Start of Block

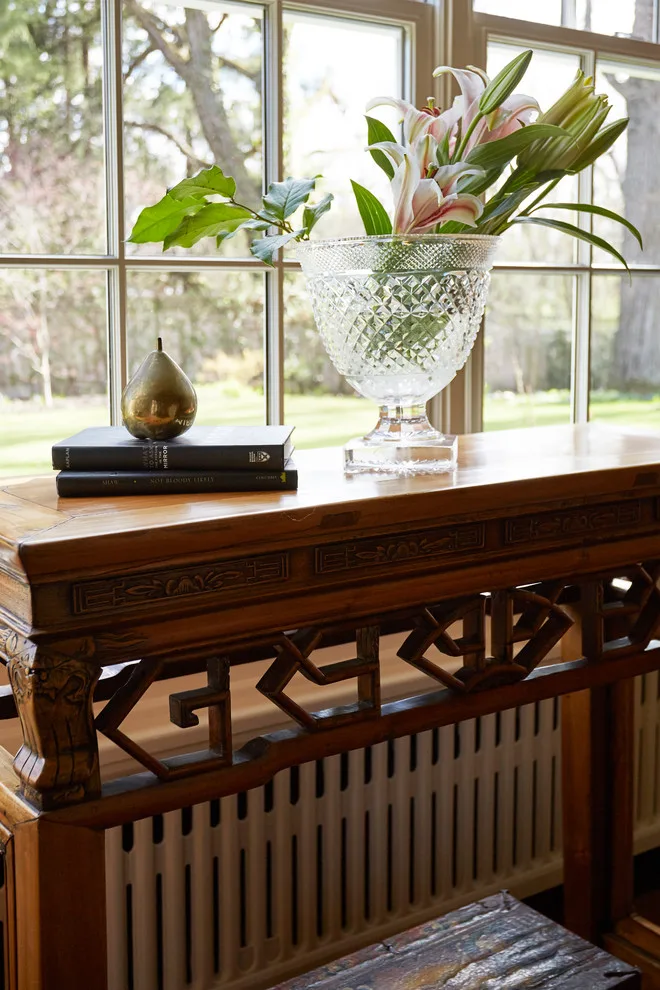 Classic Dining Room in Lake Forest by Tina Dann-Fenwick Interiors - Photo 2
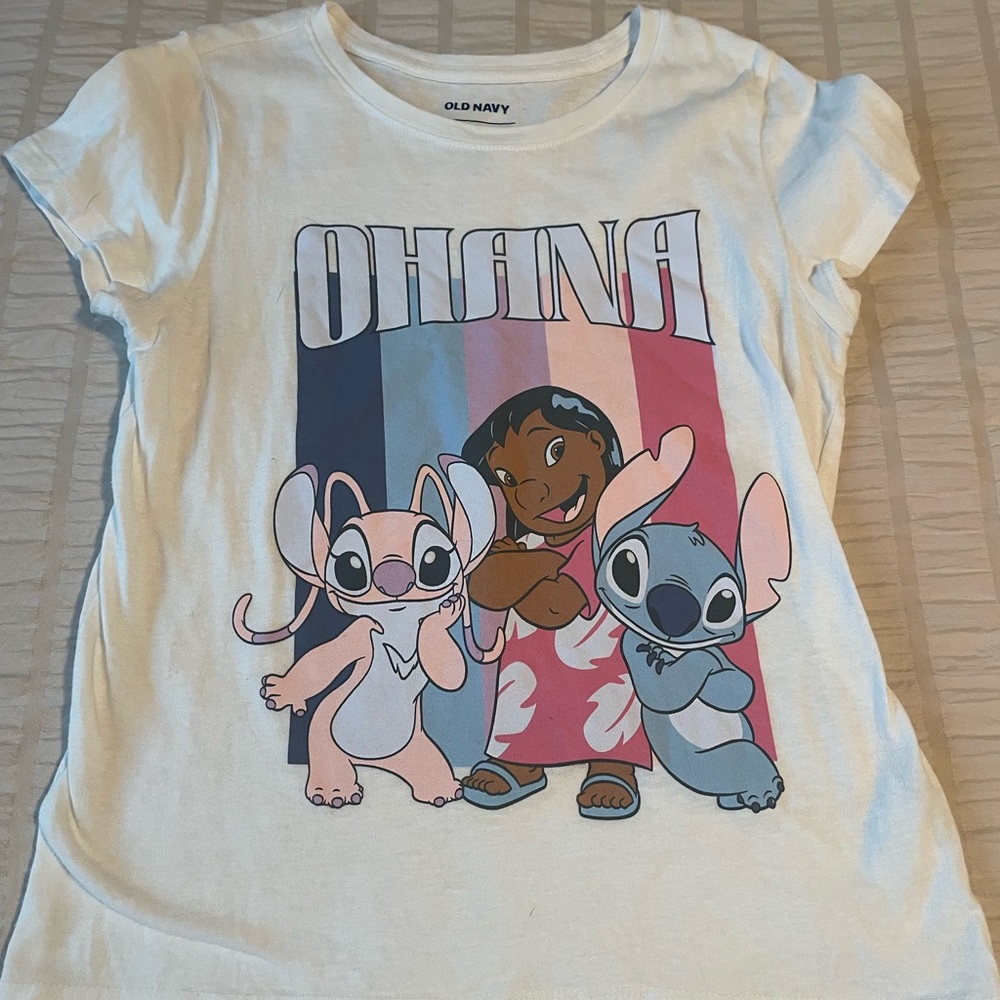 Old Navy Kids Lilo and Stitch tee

End of Block
Start of Block

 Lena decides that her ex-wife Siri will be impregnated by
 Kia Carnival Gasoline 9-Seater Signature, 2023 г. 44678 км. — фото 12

End of Block

What's needed is an exact copy of the lines above from the one with "Classic Dining Room" through the one with "Old Navy Kids Lilo and Stitch tee", both included; the pictures stay out.

 Classic Dining Room in Lake Forest by Tina Dann-Fenwick Interiors - Photo 2
 Old Navy Kids Lilo and Stitch tee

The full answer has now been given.